Right after Ian got deployed in the fall, the house across the street from us went up for sale. Not only does it have much more room, but it’s beautiful and I’ve always loved it and I knew we’d be happier and more comfortable there. My husband agreed from afar to find a way to make that happen, and many power of attorney signatures later we closed on the new house at the end of January. We started working on it and moving things over at the beginning of February. (It’s now May, and although we are finally living in the new house, I still have some things to move over from the old one when when I find the time.)
Physically the move has been tedious. It stretched out through snow storms, rain storms and a few really warm days. There were spurts of big activity where volunteers would help bring the more massive things across the street, but a great deal of it was just me walking things over one at a time, usually in the dark.
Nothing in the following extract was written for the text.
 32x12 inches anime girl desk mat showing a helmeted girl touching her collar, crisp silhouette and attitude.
The rule was anytime any of us crossed the street to the new house we had to bring something, and once it was there it didn’t come back. (The kids had to think carefully about which toys to bring if they had to come along with me for an afternoon while I was painting or unpacking things.)
In some ways it would have been much easier to box everything at once and just have it all go to the new house in a day, and even though we just moved across the street we could have hired people to do that and had it over with. But in our case I think that would have been the wrong way to go. It was good to have time to remodel things a little without having to live in the mess or work around the schedules of the people doing the improvements. And as easy as it is to think of a move primarily in terms of hauling and organizing objects, my biggest concerns were all about the emotional impact it was going to have on my kids, specifically Aden.
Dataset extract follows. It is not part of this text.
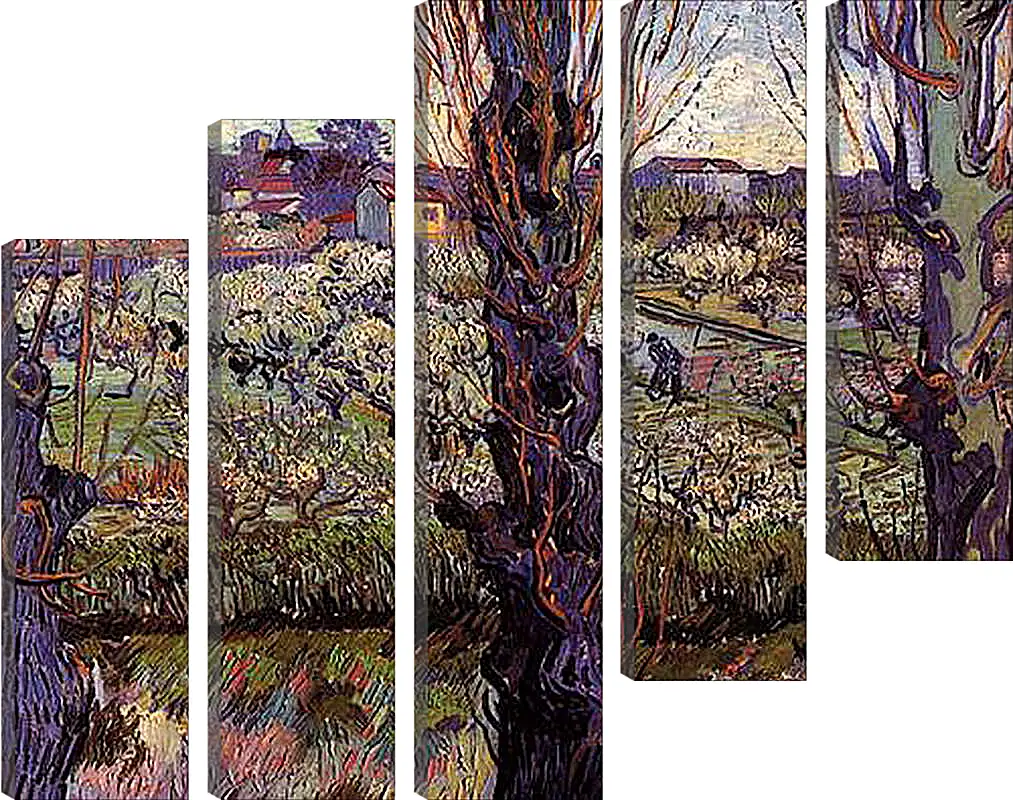 Модульная картина - Orchard in Blossom with View of Arles. Винсент Ван Гог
There are times I tell people that I don’t understand what Aden is thinking when she does certain things, but the truth is I wish I didn’t understand as well as I do. I see so much of myself in her, and how her creative and sensitive nature can make some things in life harder. I remember how complicated it was to be a kid, even when you have everything that matters like a familiy that loves you and a safe, comfortable home. The down side (if it can be called that) to a nice life is that it makes change hard to tolerate. It’s painful to watch good things end.
I knew Aden was going to have the hardest transition to make. I’m sad to leave our old home, too, but I also knew how much happier I was going to be in the new one. I started talking to her about the idea of moving the night we got the call from the neighbors that they were putting their house on the market. I told the kids at dinner that our friends were moving and that daddy and I might buy their house. There were a lot of tears, and part of me wondered if it was a good idea to even talk about it before we knew anything for sure, but I knew if it did happen I needed to give Aden a lot of time to adjust so the earlier we started that the better.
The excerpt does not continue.